至於陳餘生,他整個一生都投入到藝術創作中。在他的繪畫和生活方式裡有某種宏偉的東西(見到他的人無不被他高大的身影、他的笑容、他對美酒佳餚的嗜好、對友情的篤誠而留下深刻的印象)。對我這個無論對任何東西的任何癖好都試圖透過文化背景去解讀驗證、對竟有一些藝術作品幾乎令無論甚麼文化背景的人都感興趣的現象感到神奇的人,陳餘生的作品有某種無法理解的東西。無論是色彩鮮艷的畫抑或黯淡憂鬱的畫,每個人在他的畫中都可找到合乎自己口味的東西。由於他的畫作主要是油畫或丙烯畫,〝東西交匯〞的擁護者總是強調他的中國性,以闡明天馬行空的敘述 (MŽtanarration) 的有效性。而對他作品的另一些分析, 則傾向於援引香港前殖民地身份來解讀其作品的〝西方〞情趣;另一些畫評家則偏重他創作中的〝中國韻味〞。
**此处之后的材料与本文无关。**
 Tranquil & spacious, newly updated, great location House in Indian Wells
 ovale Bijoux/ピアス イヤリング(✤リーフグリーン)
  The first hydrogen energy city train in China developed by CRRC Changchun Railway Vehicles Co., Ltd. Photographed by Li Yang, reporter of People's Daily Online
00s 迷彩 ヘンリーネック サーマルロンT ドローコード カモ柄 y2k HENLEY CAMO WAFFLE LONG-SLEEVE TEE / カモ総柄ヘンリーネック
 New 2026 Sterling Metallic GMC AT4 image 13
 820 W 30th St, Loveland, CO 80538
雖然他的作品一般都被視為抽象畫,但在畫中卻出現日常生活的東西,比如在一張桌子後面的椅子的黃色塑料靠背。然而,這些形象亦可被解讀成在我們面前緩慢爬行的昆蟲。畫家本人亦在原為一幅木刻版畫的畫裡見到了太陽。他深愛這幅版畫,因而用丙烯畫原料重新畫在畫布上,並將畫題作《再見太陽橋》。這裡,我應向大家供認一個小小的犯罪感,事緣我在課堂上通常將這幅畫介紹為〝典型〞的香港風情:這張椅子在香港的許多傢具店裡都極易找到,而〝昆蟲的解讀〞則可被視為蟑螂的超現實主義形象。這個昆蟲在昔日的殖民地裡隨處可見。我認為陳餘生的作品可謂極成功的藝術創作,皆因它可供人以不同的解讀,其中一個當然是頗具爭議的〝中西交匯〞,雖然它不堪一駁。陳餘生利用它對自己的作品作個人的理解,無可非議。我們應轉向另一個仍在世的畫家來看看中西這兩種範式是如何有意地以極富創意又誇張的方式被運用的。
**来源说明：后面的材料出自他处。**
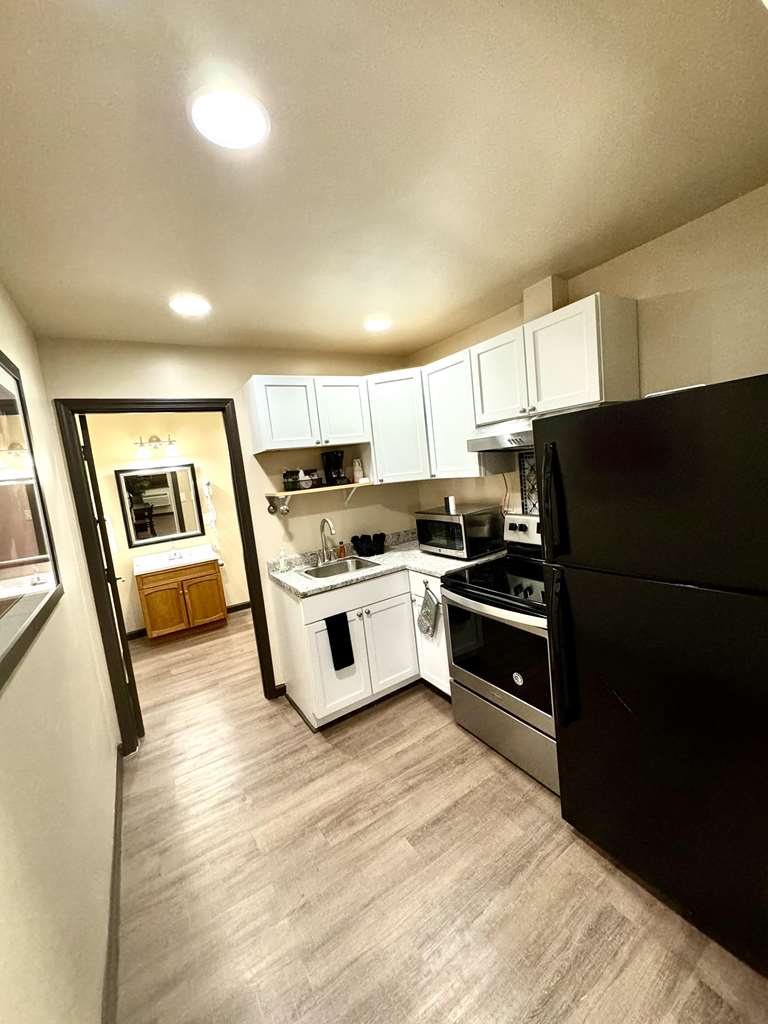 Americas Best Value Inn Marquette - photo 40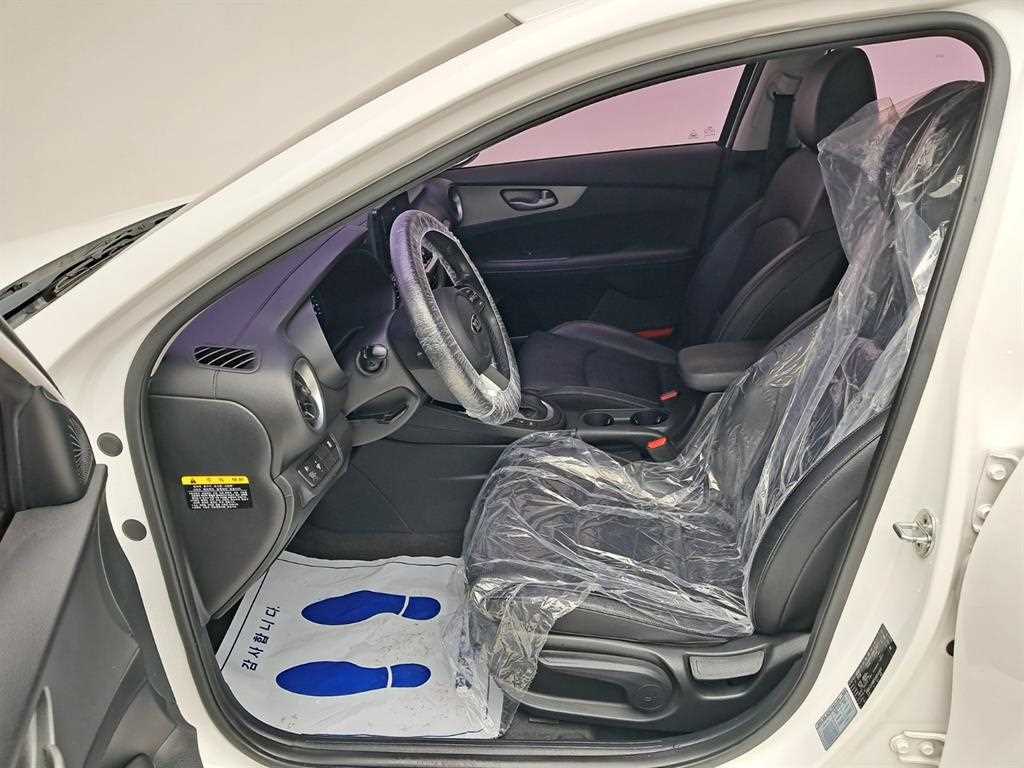 KIA K3 - Vista 11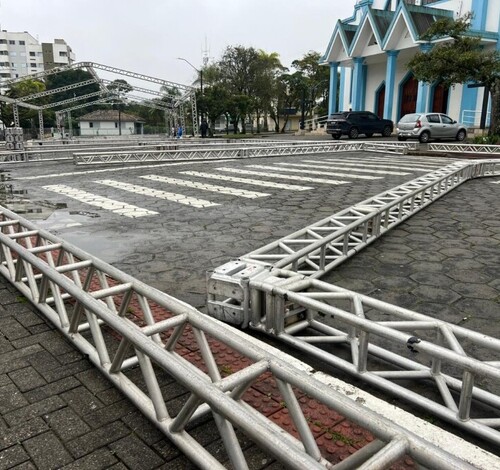 Estrutura da Festa do Colono 2026 começa a ser montada em Siderópolis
王無邪(生於 1936 年, 2007 年仍執教於香港中文大學造型藝術系)是上世紀末本世紀初中國畫壇一位舉足輕重的畫家之一(我在來港前,自 1980 年起,便已熟悉他的繪畫)。大衛.克拉克 (David Clark) 在他的專著《香港藝術:文化與非殖民化》 (Hong Kong Art, Culture and Decolonization) 一書裡談到王無邪的畫時,說他在中西兩種截然不同的傳統之間製造一種張力:〝王無邪似乎同時分享西方現代主義藝術與中國傳統藝術,希望以某種方式確認兩者。他不是笨拙地調和對立的兩者,而是在某種程度上駕馭它們,將這對立化作他繪畫的主題。衝突並不因此而得到解決,但至少他表現了它,把它展示以人。〞

張力這觀念大概是描述王無邪一代的中國藝術家面對混雜理念時心頭常有的一種不適感的最好方式。這感受在稍老一輩的藝術家如韓志勳及周綠雲身上卻不曾見。事實上,他們的立場一如嶺南派藝術家的立場,確信他們對中西藝術的融合是一種進步,在整體上改善了傳統的中國繪畫。我們應該將這視作和歐美現代主義運動中出現的一些現象極其相似的東西,即希望改進及不盲目固守過去。王無邪作品中那種張力來自他的這種理解,即過去是不容忽略的,這不僅不可取而且根本做不到,原因是大家都有一個成長過程,一個過去,即通常說的文化背景。王無邪畫作使用的材料很明顯是一種中西混雜。就說他的英文名字也是再三思考而成的:這名字以 Confucius 這個中文和拉丁文的混合體為基礎,正如孔夫子一變而成 Confucius ,他的中文名字 Wuxie (無邪)亦變成了 Wucius 。這個舉措也反映了他對繪畫材料的選取。他的許多畫作即使表面看來極富〝中國韻味〞,卻是以丙烯畫材料作成的。